Segundo Milena, políticas públicas compensatórias não são capazes de resolver o problema da pobreza. Só temos ações pontuais, em que alguns programas são criados para algumas pessoas, avalia. A presidenta da Fundação de Assistência Social (FAS), primeira-dama Marina Taniguchi, pondera: Quanto mais a prefeitura faz, mais surge por fazer e o trabalho nunca acaba.
Marina dá como exemplo o bairro Novo, que existe há aproximadamente seis anos. Já são 30 mil pessoas que querem saneamento, asfalto, escola, creche, arborização, avisa. O mapa deixa claro que a região central é bem atendida, enquanto a periferia fica em segundo plano, sentencia a professora. Para ela, agora vai ser possível verificar os pontos mais visados nas ações dos governantes e constatar com maior nitidez o processo de exclusão social.

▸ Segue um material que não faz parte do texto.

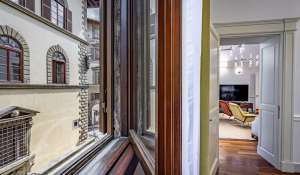 Venda Apartamento Firenze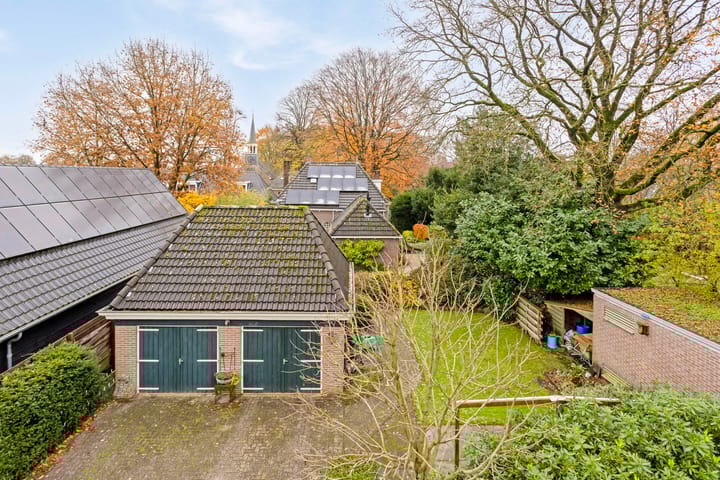 Photo 3 of Hoofdstraat 26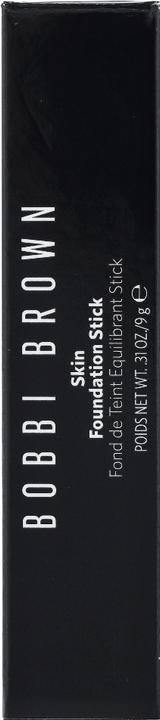 Image du produit Bobbi Brown Stick fond de teint (Sable)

A primeira-dama apresenta a série de programas da FAS como resposta. De acordo com Marina Taniguchi, a fundação mantém as Linhas e Liceus de Ofícios, que formam 19 mil pessoas por ano em quase 80 cursos. Mais do que a oportunidade de aprender uma profissão, esses cursos dão a chance de se viver dela, acredita. Também foram destinados R$ 450 mil a convênio com asilos, albergues e casas de apoio. A campanha do agasalho já arrecadou cerca de três toneladas de roupas, cobertores e colchões.
A Pró-Reitoria de Extensão e Cultura da UFPR deve lançar o caderno com o Mapa da Pobreza até o final do mês. É um estudo preliminar que deve ser aprofundado daqui para frente, diz Milena. A coordenadora dos movimentos sociais da universidade aposta na repercussão do trabalho para o resgate do tema: Poucos ousam falar que existam pobres em Curitiba. (D.J.)